In more practical terms, the usual rabble of zealots and men of dubious background seeking absolution which crusader campaigns seemed to attract were soon pillaging, looting, and raping as they crossed Byzantine territory on their way to the Levant. This was despite Manuel’s insistence to the leaders that all food and supplies be paid for. Manuel provided a military escort to see the Crusaders on their way as quickly as possible, but fighting between the two armed groups was not infrequent. Adrianople in Thrace suffered particularly badly.

A map of the Byzantine empire at the end of the 11th century CE prior to the First Crusade / Image by Spiridon Manoliu, Wikimedia Commons

When the French and German contingents arrived at the Byzantine capital of Constantinople in 1147 CE, things worsened still. Always suspicious of the Eastern Church and now outraged to discover Manuel had signed a truce with the Turks (seen by him as less of a threat than the Crusaders in the short term), the French section of the army wanted to storm Constantinople itself. The German crusaders had their own problems, a large number of them being wiped out by a terrible flash flood. The Crusaders were, eventually, persuaded to hurry on their way east with reports of a large Muslim army preparing to block their path in Asia Minor. There they ignored Manuel’s advice to stick to the safety of the coast and so met disaster.

Asia Minor and Disaster

The German army led by Conrad III was the first to suffer from a lack of planning and not heeding local advice. Unprepared for the harsh semi-arid steppe, the Crusaders lacked food supplies, and Conrad had underestimated the time needed to reach his objective. At Dorylaion a force of Muslim Seljuk Turks, primarily archers, caused havoc with the slow-moving westerners on 25 October 1147 CE, and, forced to retreat to Nicaea, Conrad himself was wounded but did eventually make it back to Constantinople. Louis VII was shocked to hear of the Germans’ failure but pressed on and managed to defeat a Seljuk army in December 1147 CE using his superior cavalry. The success was short-lived, though, for on 7 January 1148 CE the French were beaten badly in battle as they crossed the Cadmus Mountains. The Crusader army had become too stretched out, some units losing contact with each other and the Seljuks took full advantage. What remained of the westerners was commanded by a group of Knights Templars. There were a few minor victories as the Crusaders made their way to the southern coast of Asia Minor but it was a disastrous opening to a campaign which had not even reached its target of northern Syria.

The Siege of Damascus

A 15th century CE manuscript illustration depicting the siege of Damascus in 1148 CE during the Second Crusade (1147-1149 CE). (Chronique d’Ernoul et de Bernard le Trésorier, British Library, London) / Wikimedia Commons

Louis VII and his ravaged army finally arrived at Antioch in March 1148 CE. From there, he ignored Raymond of Antioch’s proposal to fight in northern Syria and marched on to the south. The lack of cooperation between the two rulers, if rumours were true, may have been due to Louis’ discovery that his young wife Eleanor of Aquitaine and Raymond (Eleanor’s uncle) had been carrying on an affair under his very nose. In any case, a council of western leaders was convened at Acre, and the target of the Crusade was now selected, not at the already destroyed Edessa, but Muslim-held Damascus, the closest threat to Jerusalem and a prestigious prize.

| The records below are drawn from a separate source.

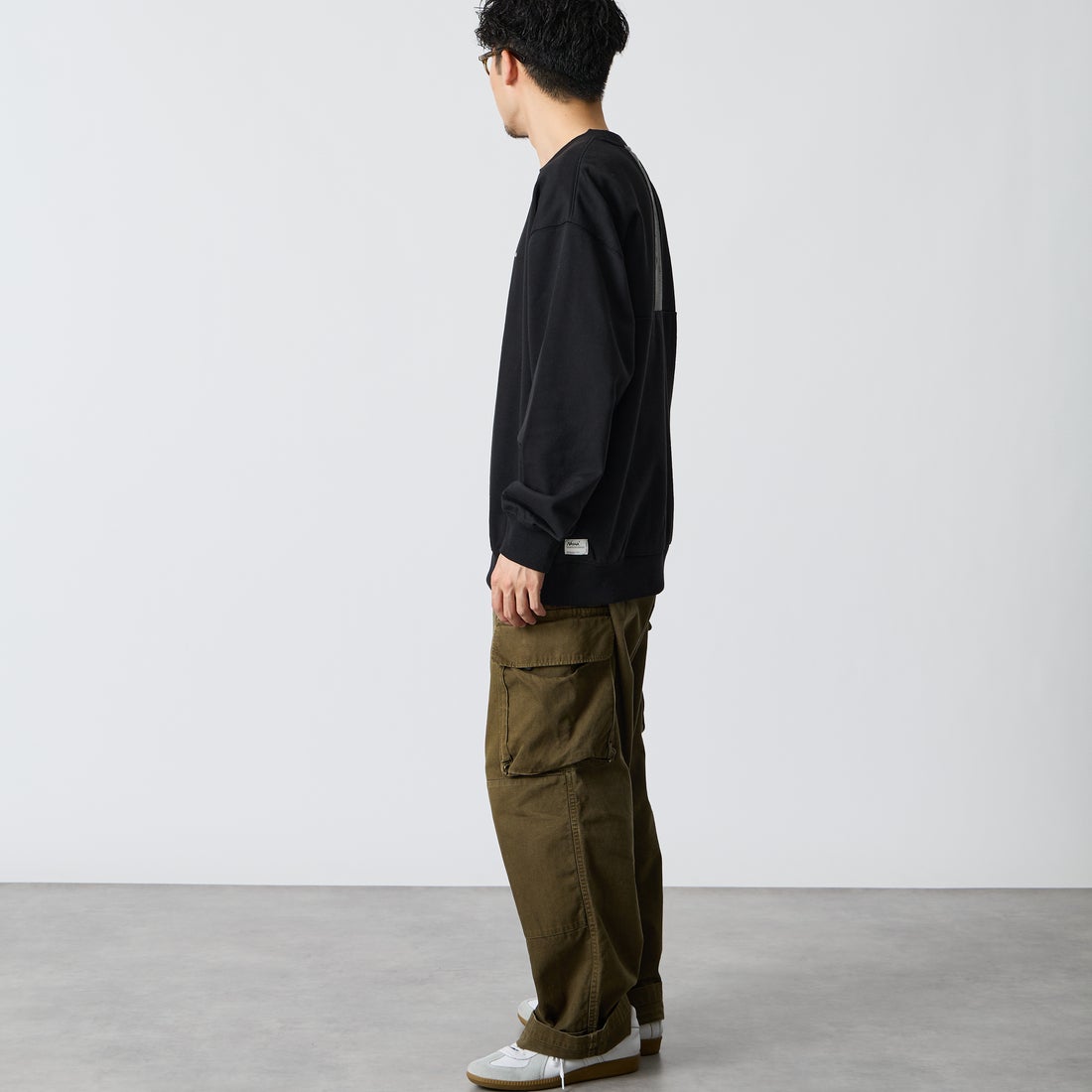 JEANSFACTORY × NANGA [ジーンズファクトリー × ナンガ] 別注 バーティカルロゴスウェット [NW2607-JF] BLACK &&モデル身長：168cm 着用サイズ：L&&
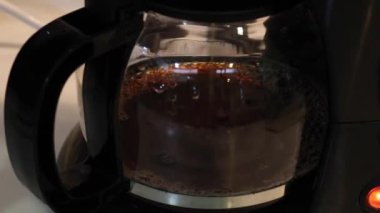 Çaydanlıkta taze demlenmiş kahve. Yakın çekim.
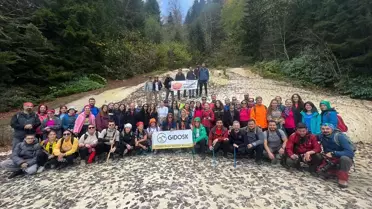 Giresun'da doğaseverler yaylalar ve tabiat parkında yürüyüş yaptı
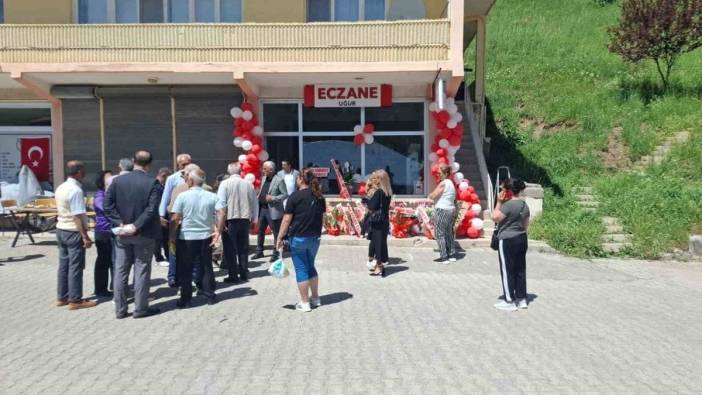 Pülümür'de 18 yıl sonra eczane açıldı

Although Damascus had once been in alliance with the Crusader-led Kingdom of Jerusalem, the shifting loyalties between the various Muslim states meant this fact held no guarantee for the future and, faced with the necessity to take at least one major city or go home as complete failures, Damascus was as good a choice as any for the Crusaders. The situation was made more urgent as there was now a very real prospect that the Muslims of Damascus would join up with those of Aleppo under command of Edessa’s ambitious conqueror, Nur al-Din.

The Crusader army arrived at Damascus on 24 July 1148 CE and immediately began a siege. After only four days, though, the difficulties presented by the defences and the serious lack of water for the attackers meant the siege had to be abandoned. Once again, bad planning and poor logistics were to prove the Crusaders’ undoing. The fighting around the city had been ferocious with heavy casualties on both sides but no real advance had been made. The failures of the Second Crusade were now putting the already legendary successes of the First Crusade into some perspective.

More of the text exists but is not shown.